Bug #68150 InnoDB FULLTEXT Phrase Logic Incorrect
Submitted: 22 Jan 2013 21:39 Modified: 12 Feb 2013 18:32
Reporter: Greg Dietz Email Updates:
Status: Closed Impact on me:
None 
Category:MySQL Server: InnoDB storage engine Severity:S3 (Non-critical)
Version:5.6.7 OS:Windows
Assigned to: CPU Architecture:Any
Tags: fulltext, innodb

[22 Jan 2013 21:39] Greg Dietz
Description:
I have run into a series of issues with the handling of phrases in the InnoDB FULLTEXT searches. I haven't seen any release notes indicating these have been addressed in 5.6.8 or later, if I missed them please advise.

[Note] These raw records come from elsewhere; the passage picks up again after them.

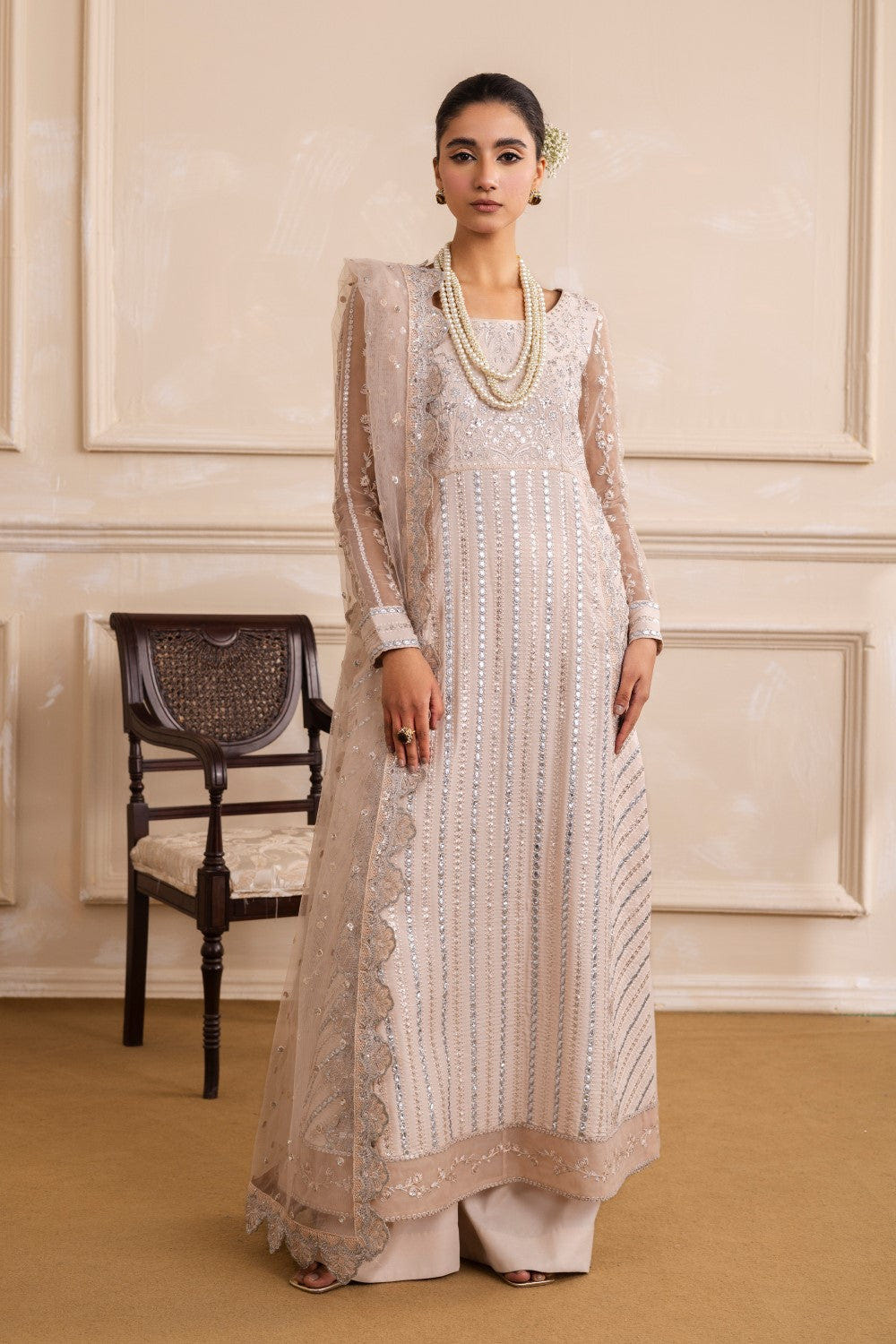 Maryum N Maria | Izara Formals | ZAYNA - MW40037 -  Maryum N Maria Ladies Clothes - Original Designer Dress - House of Maryam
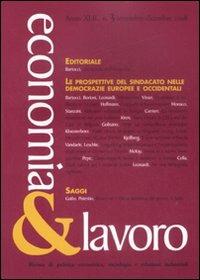 Economia & lavoro (2008). Vol. 3 - copertina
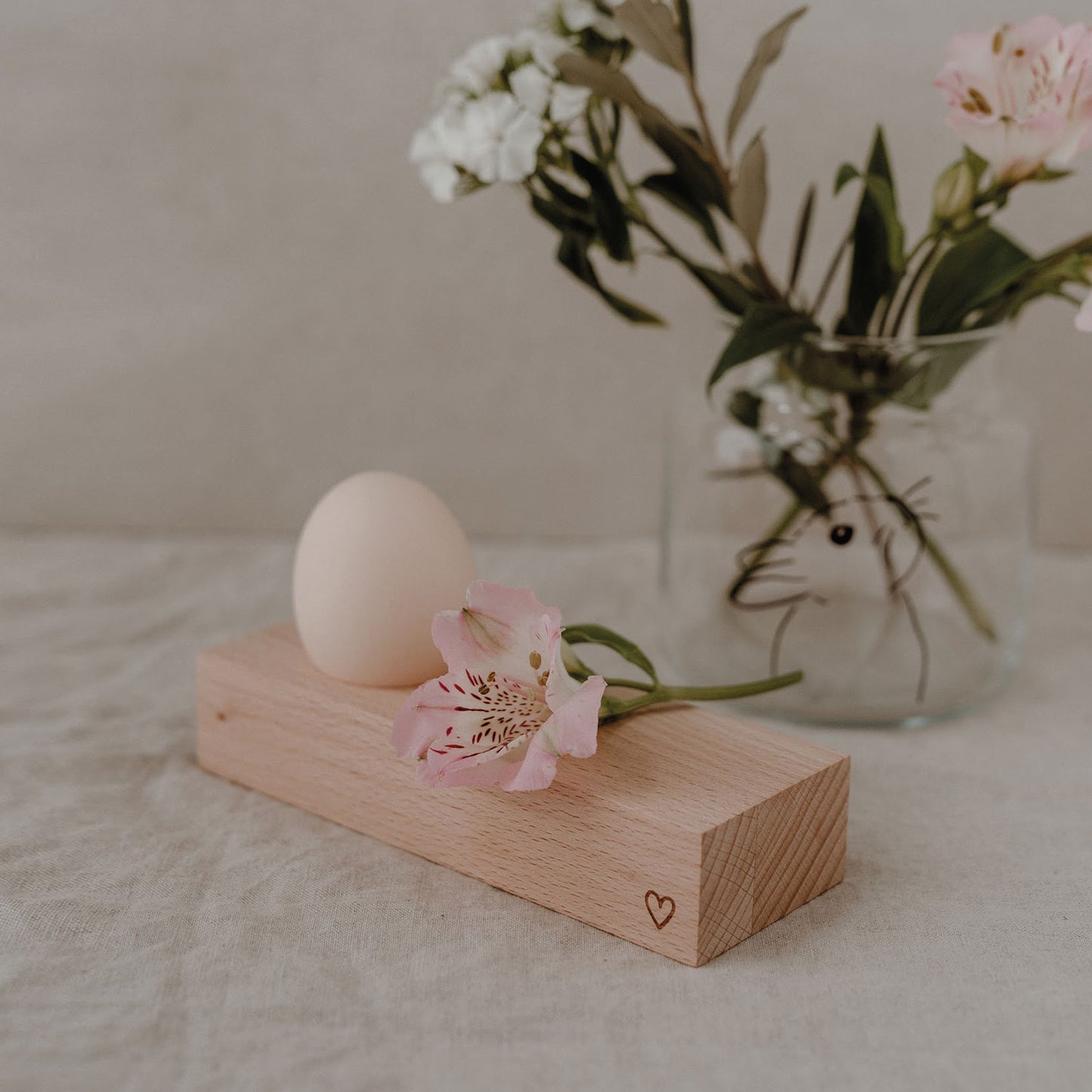 Egg cup heart 15 x 5.5cm (PU = 5 pieces)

See the How to Repeat below for details but at a high level:

IN BOOOLEAN MODE
* Cannot put a + (AND) sign in front of a phrase - completely confuses the parser and results in zero rows
* If the phrase contains a stop word or short word - will return 0 rows

Phrase matches typically involve finding the articles that match the individual key words - then cross referencing them together and verifying the words appear in a specific order. So in the first case it finds all articles that match "this" AND "phrase" AND "here" and then takes that set and filters it to exact matches.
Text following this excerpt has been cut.